Bir gün de Tabiat- Fen dersindeyiz. Dersin öğretmeni Çifteler Köy Enstitüsü kurucularından Süleyman Gültekin idi. Her şeyde çok ekonomik davranırdı. İsrafa çok kızardı. Derse başladı. Arkadaşlar bugün sınavlarınızı okuyacağım. Siz de tavuğun sindirim sistemini çizeceksiniz dedi. Öğretmen kürsüye çıktı. Çıt yok. Bir kağıt yırtılma sesi geldi. Hemen kafasını kaldırdı. Kim o defterini yırtan dedi. Cevap çıkmadı. Hanginiz yırttı o kağıdı diye yüksek sesle sordu tekrar. Bir arkadaş ben yırttım öğretmenim dedi. Niye yırttın oğlum dedi yanına giderek. Şimdiki gibi silgi yok tabi. Karalandığı için dedi çocuk. Aldı kağıdı eline geldi tahta başına öğretmen. Sınıfta 43 kişi var 43’ü 2 ile çarptı. Bir kağıt 2 kuruşmuş. 86 yazdı. Okulda 800 kişi var 2 ile çarptı 1600 kuruş… Eskişehir’de şu kadar öğrenci var 2 ile çarptı. Türkiye’de şu kadar öğrenci var 2 ile çarptı şu kadar büyük bir lira… Gözleri dolarak çocuğa döndü ve “Sen bir okul yıktın yavrum be bir okul… Anadolu’da bir okul yıktın!” dedi… hiç mi için sızlamadı senin. Nasıl yırtarsın bu kağıdı dedi. Bu olayı hiç unutamıyorum. (Gözleri Doldu.)

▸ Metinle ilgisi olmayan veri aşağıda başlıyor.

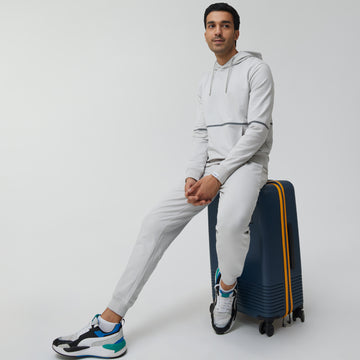 Ascent French Terry Cotton Blend Hoodie and Joggers Co-Ord Chrome White - XYXX Crew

Şu anki saltanat ve israfı gördükçe içim sızlıyor. Kim gerçekten milli diye düşünmeden edemiyorum.

B.N: Neden kapatıldı sizce? Kapatılması siyasi miydi?
M.A: Demokrat Parti Köy Enstitüleri’ne karşıydı biliyorsunuz. İlk uygulamalarına enstitü müdürlerini görevden alarak başladı. Sonra programları değiştirmeye başladı. Sonra da biz isimlerini değişiyoruz yine okuyup öğretmenler oluyorlar diyerek Çifteler Köy Enstitüsünü Yunus Emre İlk Öğretmen Okulu yaptılar. İsmi değişse de aynı okul aynı yer. Kendi tükettiğimiz her şeyi üretiyorduk. Eğitim içinde öğretim yani yaparak yaşayarak öğretim vardı. 12 saat ziraat dersi önce 8 saate düştü sonra 4 saate sonra da 2 saat teorik ders 2 saat bahçe olarak yozlaştırıldı. 1954’e kadar Çifteler Köy Enstitüsü tabelası asılıydı. 1954’ten sonra Yunus Emre İlk Öğretmen Okulu tabelası asıldı. Kız erkek aynı yerde yatıyorlar diye kara propaganda yapıldı. Halbuki öyle bir şey yoktu. İftira attılar.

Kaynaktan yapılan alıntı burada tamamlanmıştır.